Théodore Chevignard de Chavigny, Count of Toulongeon and Baron of Uchon (born 1687; died 1771) was a French aristocrat and diplomat.

The eldest son of Théodore Chevignard de Chavigny, Procurer-Royal and Mayor of Beaune. A Knight of Malta and already described as an experienced diplomat and secret agent, having been employed by the French Minister of Foreign Affairs at the time, the Marquis of Torcy, during secret negotiations in the Netherlands for the conclusion of the War of Spanish Succession in 1710, he was posted as French Ambassador to London in 1731, later serving in Copenhagen (1737–39) and Lisbon (1740-43), where his main task was to keep Portugal from entering the War of the Austrian Succession on the side of Britain, a task that was successfully achieved, as the Portuguese had little interest in joining the war. As Ambassador to the Electorate of Bavaria and at Frankfurt from 1745-46, he was a key player in French negotiations during the War of the Austrian Succession.

In 1746, King Louis XV posted him again as Ambassador to Portugal where served until 1749, before serving as Ambassador to the Republic of Venice and Switzerland between 1751 and 1762.
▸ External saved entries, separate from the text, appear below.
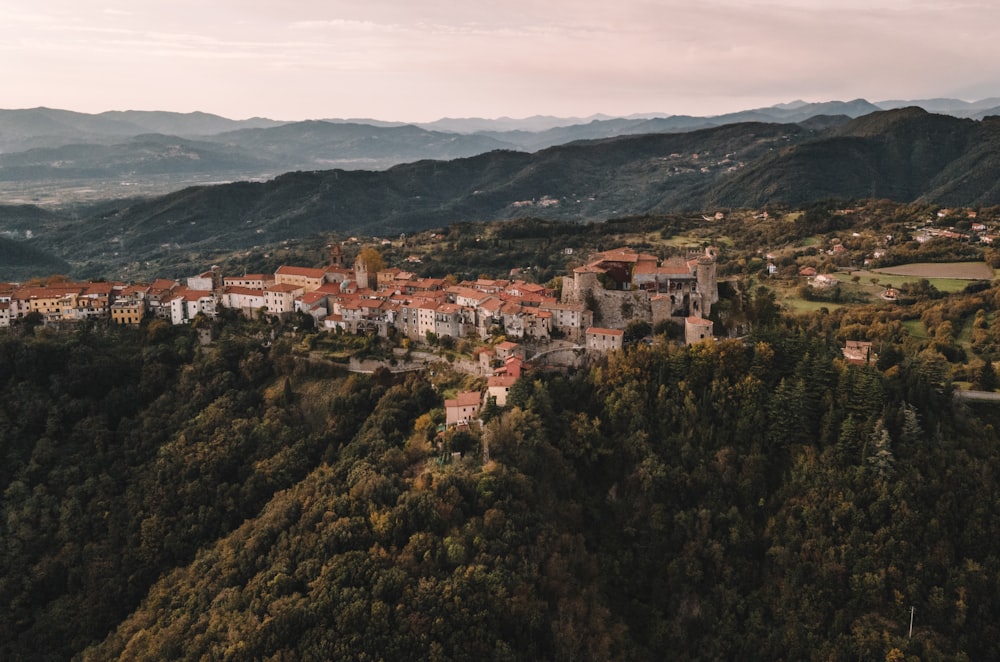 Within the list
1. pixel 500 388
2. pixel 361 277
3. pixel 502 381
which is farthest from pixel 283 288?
pixel 500 388

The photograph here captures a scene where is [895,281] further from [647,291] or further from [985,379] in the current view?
[647,291]

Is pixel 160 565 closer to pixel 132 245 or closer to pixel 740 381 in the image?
pixel 740 381

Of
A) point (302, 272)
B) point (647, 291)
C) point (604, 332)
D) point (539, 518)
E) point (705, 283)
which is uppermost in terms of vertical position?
point (705, 283)

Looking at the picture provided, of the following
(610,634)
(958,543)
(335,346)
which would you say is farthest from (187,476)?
(958,543)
Chavigny was named governor of the city of Beaune since 1737 and a member of the Conseil du Roi. Chavigny also introduced his relative Charles Gravier, comte de Vergennes to French Diplomacy. He would later go on to become the French Ambassador in the Ottoman Empire, later serving in Sweden before becoming King Louis XVI's Minister of Foreign Affairs and rising to the post of France's Chief Minister, which he held until his death in 1787.

==Sources==
- Murphy, Orville T. The Diplomatic Retreat of France and Public Opinion on the Eve of the French Revolution, 1783-1789. Catholic University of America Press, 1998.